I have an idea to disprove the singleton conjecture for equational logic. If we have a set of equations S and the class M of all models of S, then every member of M would satisfy every statement implied by S. Now, say there is some equation t not implied by S; the singleton can’t satisfy t, since if it did, every member of M would satisfy t, so by Gödel’s Completeness Theorem S would need to imply t, contradiction. Say there are equations t and u such that t is equivalent to not u, given S, but neither t, u, nor their negations are implied by S. This would disprove the singleton conjecture, since if the singleton satisfied t it couldn’t satisfy u, but there would be a model of S satisfying u, which then would not satisfy t, contradiction. (Actually, is this strictly true: if t is independent of S then there exists a model of S satisfying t as well as a model of S not satisfying t? I think this boils down again to Gödel’s Completeness Theorem: if there didn’t exist any model of S satisfying t then every model of S couldn’t satisfy t, thus every model of S satisfies the negation of t, thus by Gödel’s Completeness Theorem S would imply the negation of t, so that t isn’t independent of S, and similarly if there didn’t exist any model of S that didn’t satisfy t then t couldn’t be independent of S. This is the contrapositive of the desired statement.) Otherwise, if the singleton didn’t satisfy t, it must satisfy u, but since t is independent of S there must exist a model of S satisfying t and not satisfying u, contradiction.

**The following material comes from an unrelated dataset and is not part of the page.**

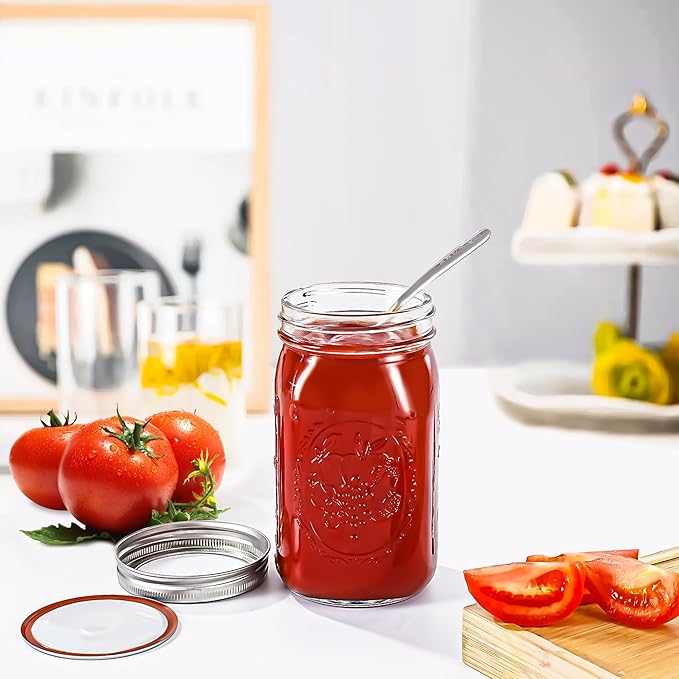 Wide Mouth Mason Jars 32 oz with Lids [4 Pack], Canning Jars with Metal Airtight Lids and Bands, 32 oz Glass Jars for Fermenting, Pickling, Freezing, Preserving, Meal Prep, Jar Décor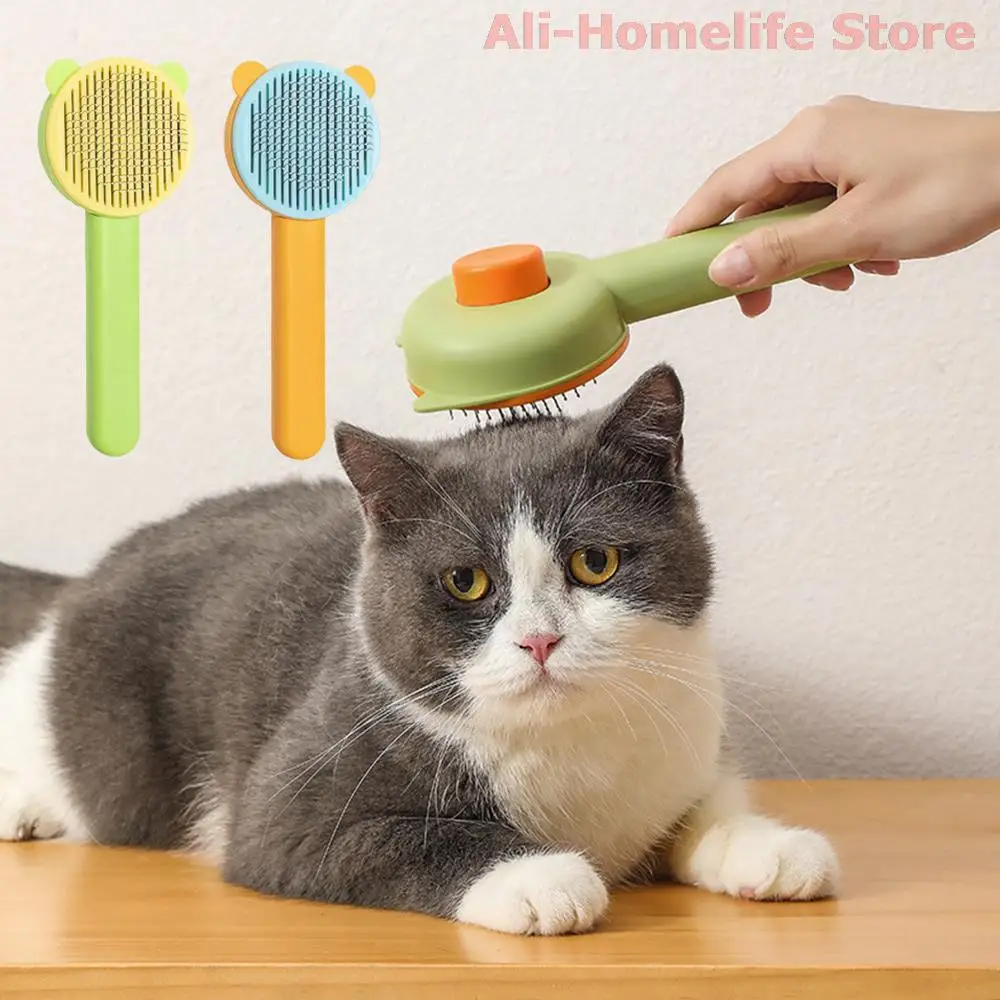 

Cute Cat Massage Comb Grooming Brush Dog Shedding Hair Removal Brush Pet Hair Cleaner Removing Tool Self Cleaning One-Click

Thus, we can disprove the singleton conjecture if we can find a set of “defining” equations S and two independent equations t and u such that (not t) implies u, and u implies (not t), under S.

To see if this is possible, we need to see if a set of equations can imply an inequation. Is this possible?

We can do this I think via size control — if we can guarantee only two elements in the model, then an equation would imply a corresponding inequation, and vice versa. We have to watch out though for the Löwenheim-Skolem theorem: we need to prevent any infinite models. Can we, for any n, produce a set of equations that guarantees the model is size n?

Let’s try a simple case of n=2. The “easy” first thought, a=b, yields a size 1 model, which can’t satisfy inequations. Can we guarantee size 2?

What about something like ab=a? We can have a three element set of a,b,c, and this would still be a model.

It remains to investigate this approach.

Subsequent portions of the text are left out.